EXCERPTED DATA →
------------------------------------------------------------

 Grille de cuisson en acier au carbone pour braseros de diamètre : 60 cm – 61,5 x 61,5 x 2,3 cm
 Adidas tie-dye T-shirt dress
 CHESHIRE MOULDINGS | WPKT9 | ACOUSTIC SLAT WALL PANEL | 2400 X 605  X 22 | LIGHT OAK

------------------------------------------------------------

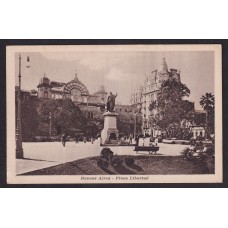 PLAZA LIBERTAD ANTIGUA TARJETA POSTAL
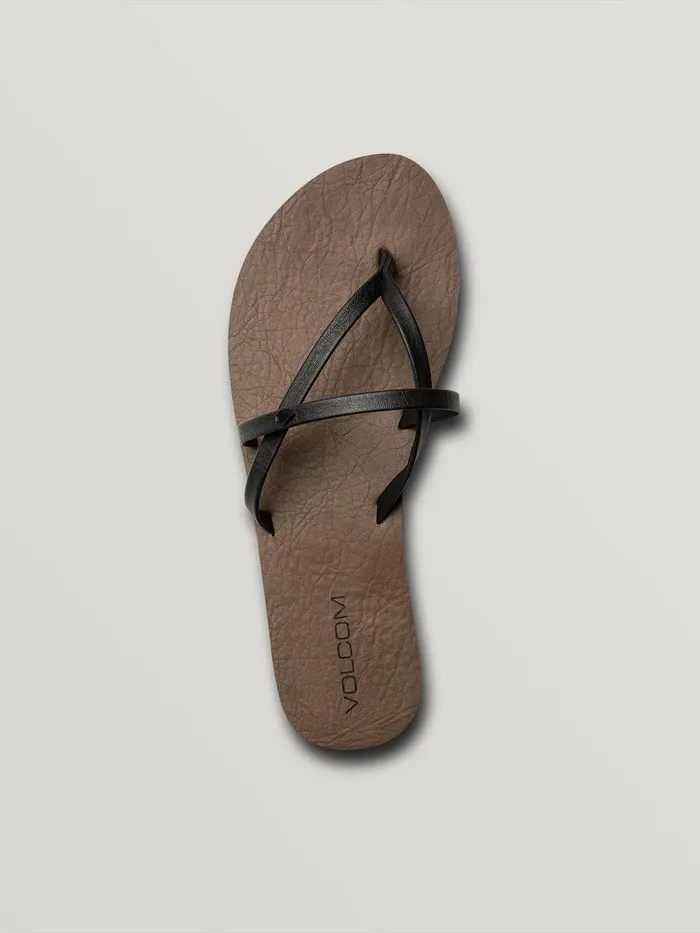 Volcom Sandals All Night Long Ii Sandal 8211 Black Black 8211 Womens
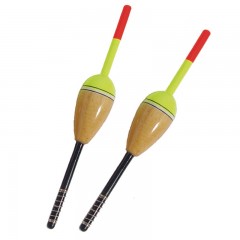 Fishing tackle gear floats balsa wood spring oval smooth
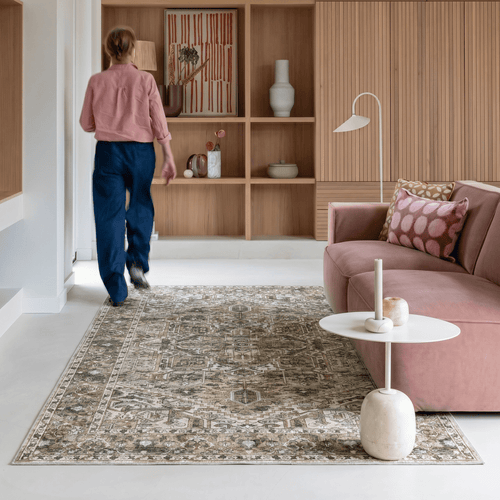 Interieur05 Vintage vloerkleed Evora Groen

------------------------------------------------------------

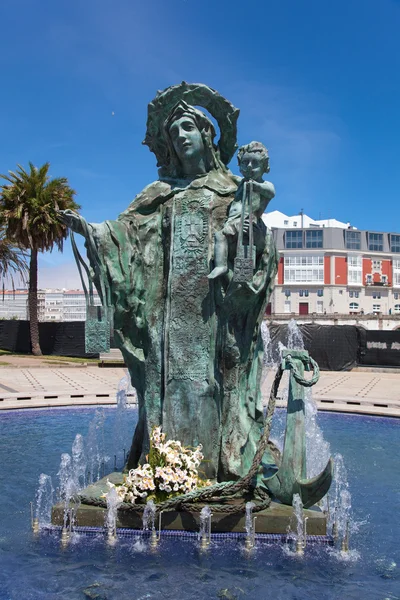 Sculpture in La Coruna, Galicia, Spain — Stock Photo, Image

------------------------------------------------------------

EXERCISE REQUIREMENTS → Using the records above, print exactly the run of lines that starts with the line with "PLAZA LIBERTAD ANTIGUA TARJETA POSTAL" and goes on through the line with "Interieur05 Vintage vloerkleed Evora Groen", pictures excluded.

TASK OUTPUT →
 PLAZA LIBERTAD ANTIGUA TARJETA POSTAL
 Volcom Sandals All Night Long Ii Sandal 8211 Black Black 8211 Womens
 Fishing tackle gear floats balsa wood spring oval smooth
 Interieur05 Vintage vloerkleed Evora Groen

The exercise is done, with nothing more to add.